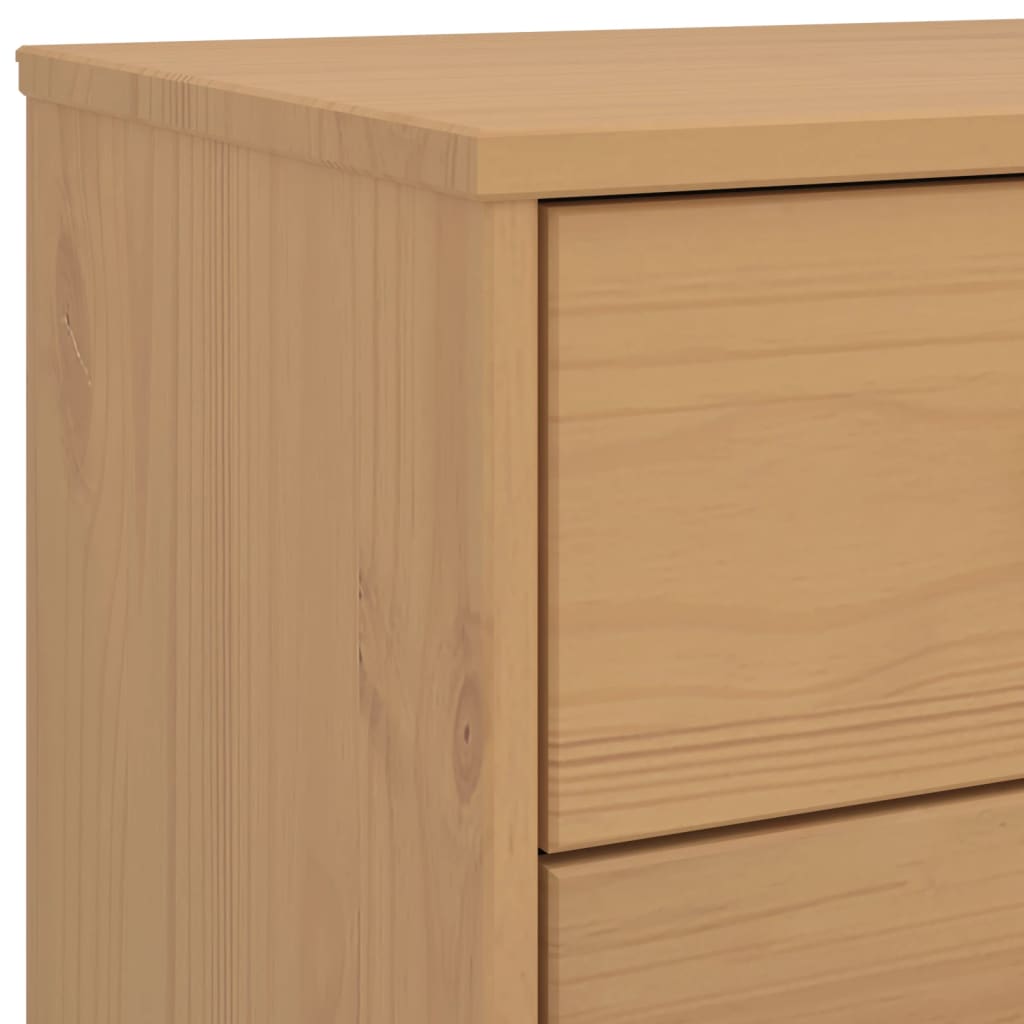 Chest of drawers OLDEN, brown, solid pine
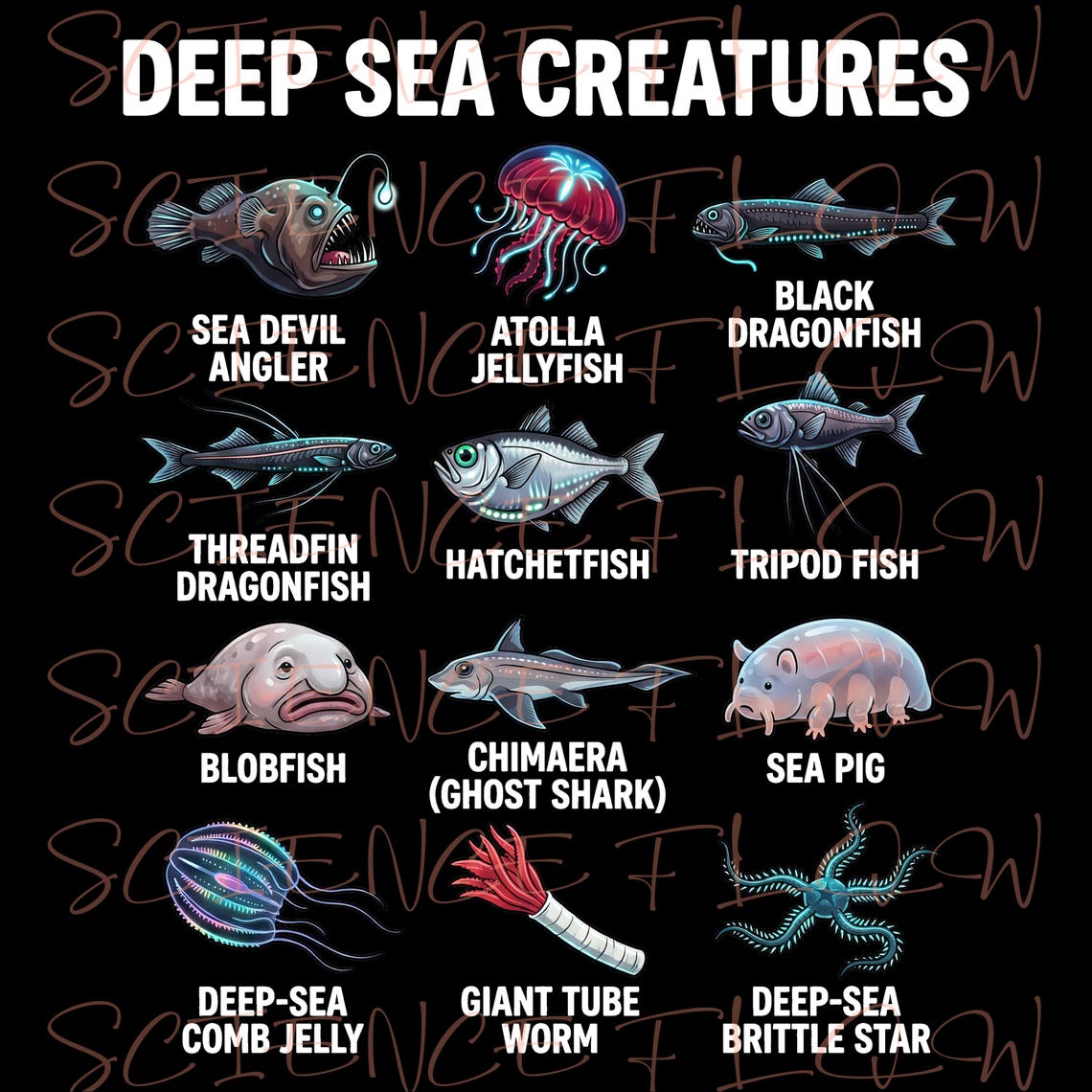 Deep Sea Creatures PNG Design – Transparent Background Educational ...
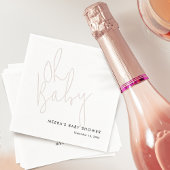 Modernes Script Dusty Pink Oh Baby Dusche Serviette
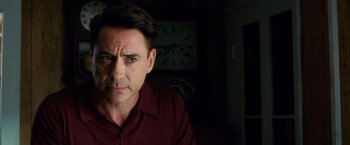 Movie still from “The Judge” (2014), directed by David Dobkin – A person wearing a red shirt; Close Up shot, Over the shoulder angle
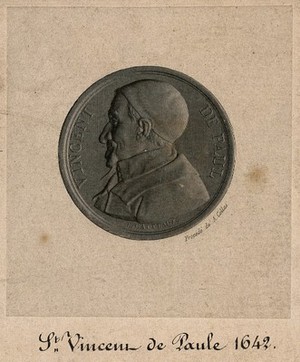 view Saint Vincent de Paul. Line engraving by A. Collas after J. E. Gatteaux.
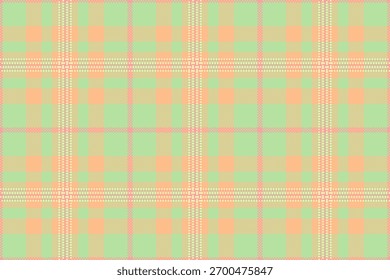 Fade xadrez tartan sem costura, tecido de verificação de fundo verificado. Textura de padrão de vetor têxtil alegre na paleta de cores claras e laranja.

* EXERCISE: Give the listing again word for word, without its images.

* SOLVED EXERCISE:
 Chest of drawers OLDEN, brown, solid pine
 Deep Sea Creatures PNG Design – Transparent Background Educational ...
 Modernes Script Dusty Pink Oh Baby Dusche Serviette
 Movie still from “The Judge” (2014), directed by David Dobkin – A person wearing a red shirt; Close Up shot, Over the shoulder angle
 view Saint Vincent de Paul. Line engraving by A. Collas after J. E. Gatteaux.
 Fade xadrez tartan sem costura, tecido de verificação de fundo verificado. Textura de padrão de vetor têxtil alegre na paleta de cores claras e laranja.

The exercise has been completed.